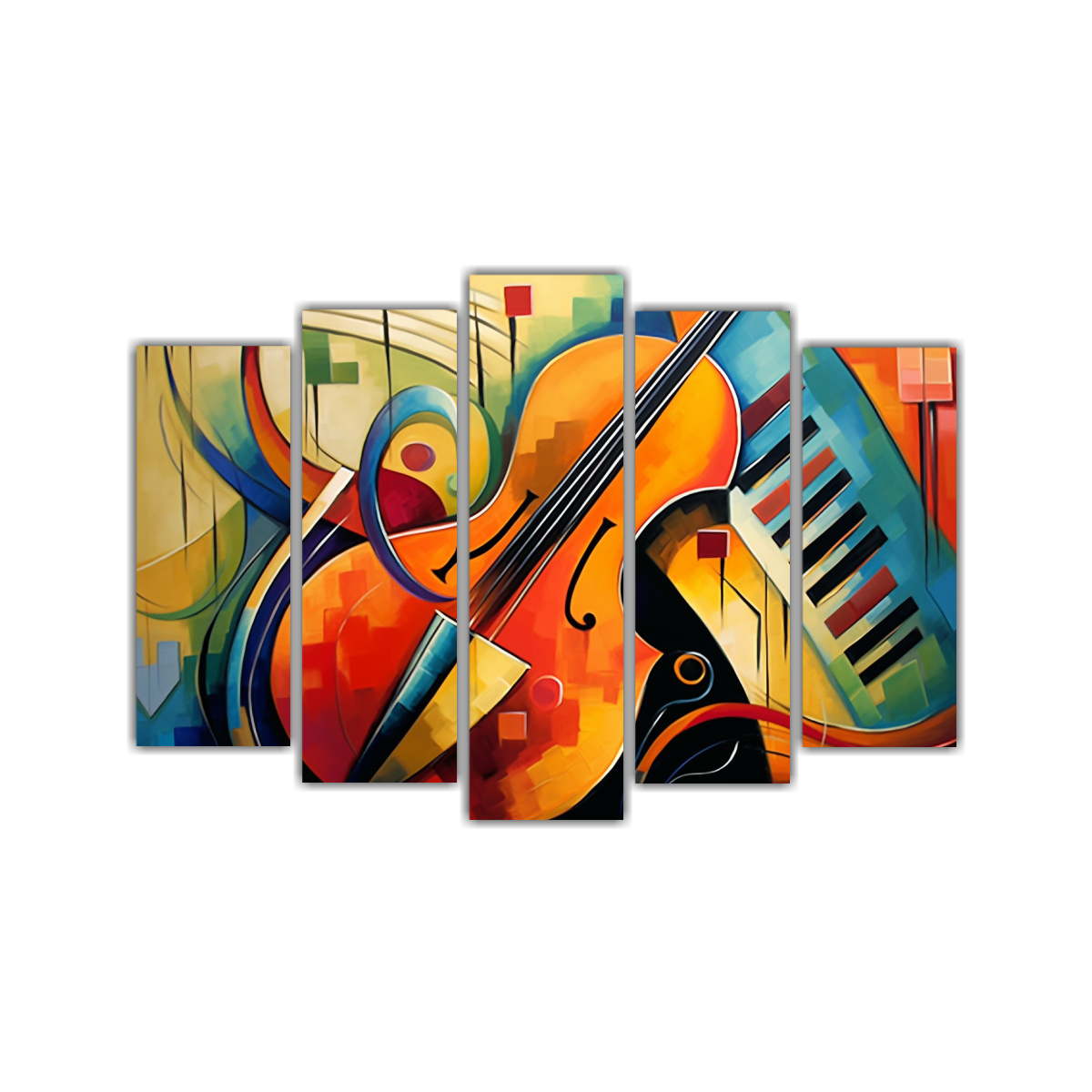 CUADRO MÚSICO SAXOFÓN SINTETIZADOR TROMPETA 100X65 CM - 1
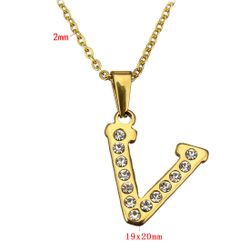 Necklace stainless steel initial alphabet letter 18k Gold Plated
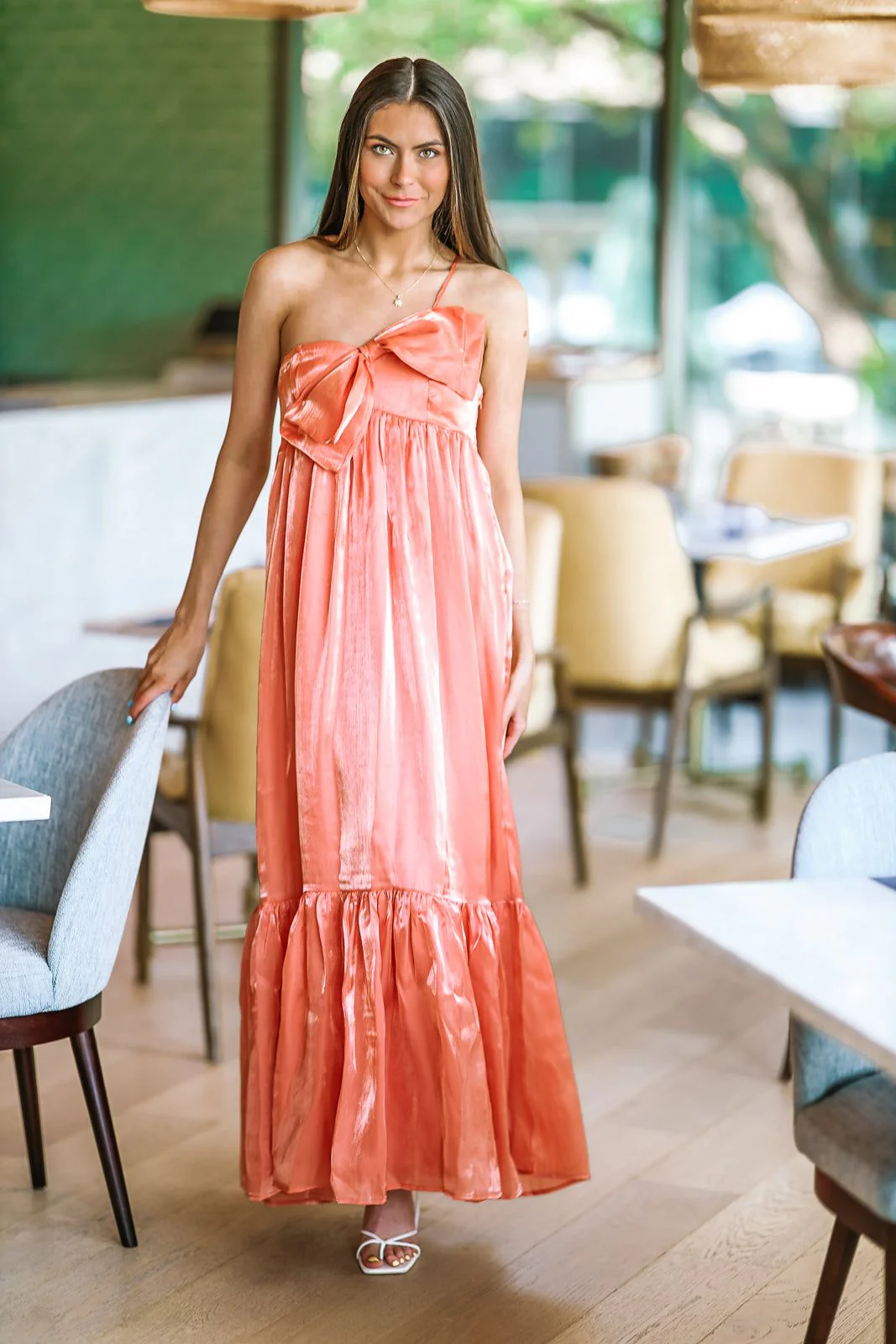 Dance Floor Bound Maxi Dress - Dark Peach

- - -

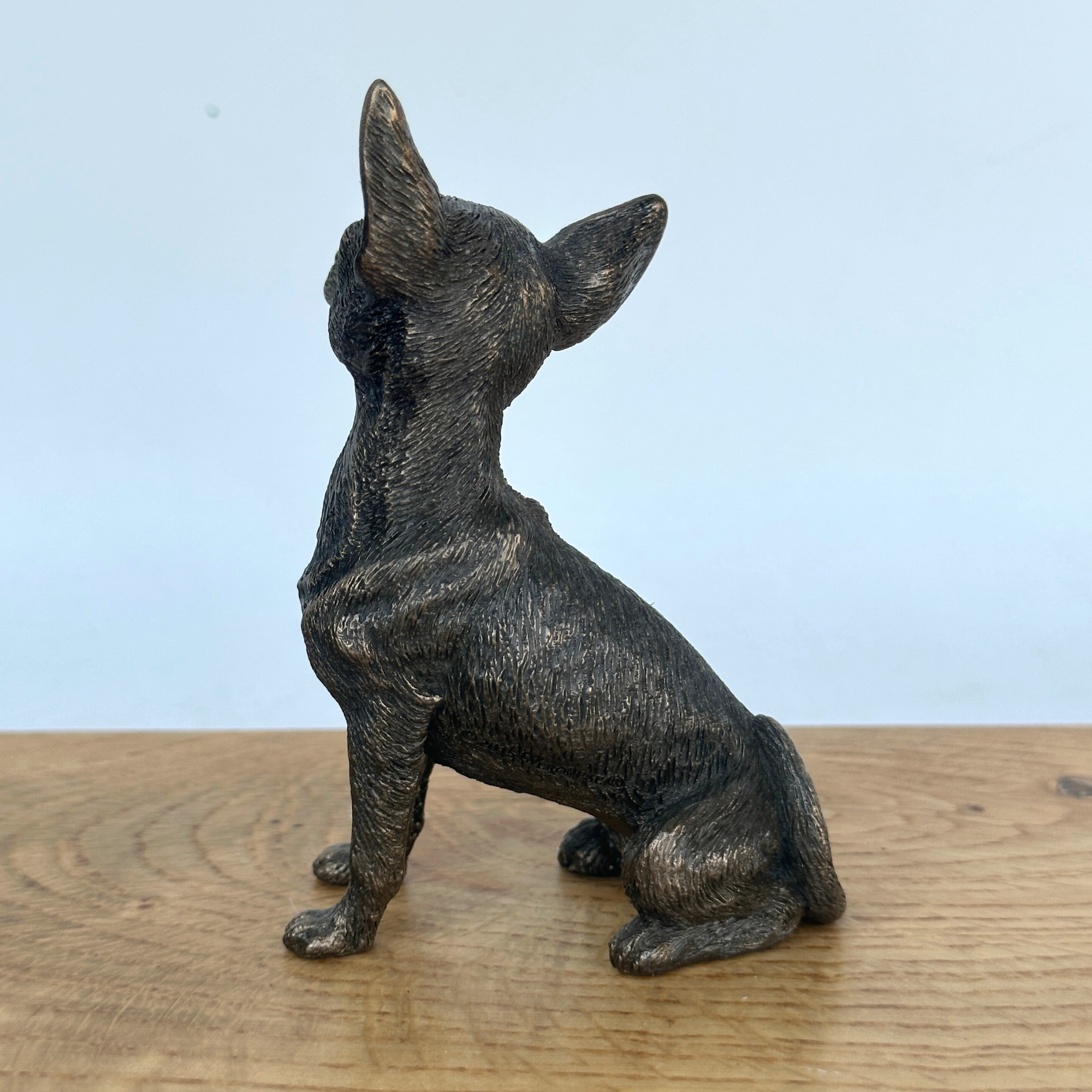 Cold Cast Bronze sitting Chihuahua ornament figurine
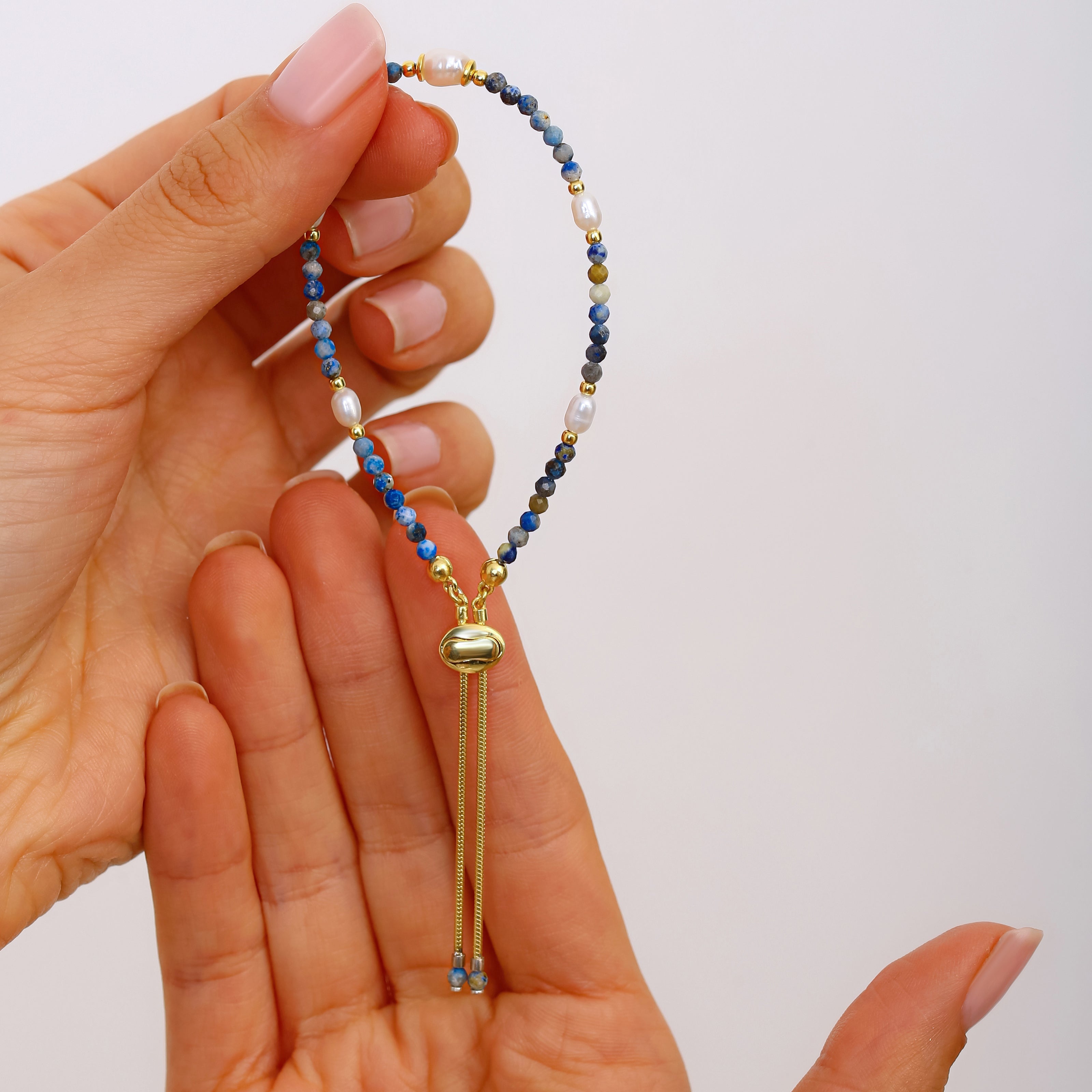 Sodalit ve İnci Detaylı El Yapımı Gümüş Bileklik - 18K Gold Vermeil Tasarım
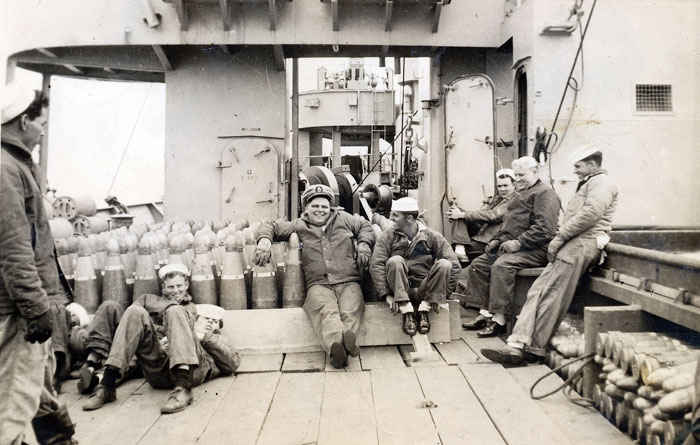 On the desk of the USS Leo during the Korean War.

- - -

** PROBLEM **
Beginning with the line that contains "Necklace stainless steel" and ending with the line that contains "Dance Floor Bound Maxi Dress - Dark Peach", reproduce the listing exactly, pictures excluded.

** FINISHED EXERCISE **
 Necklace stainless steel initial alphabet letter 18k Gold Plated
 Dance Floor Bound Maxi Dress - Dark Peach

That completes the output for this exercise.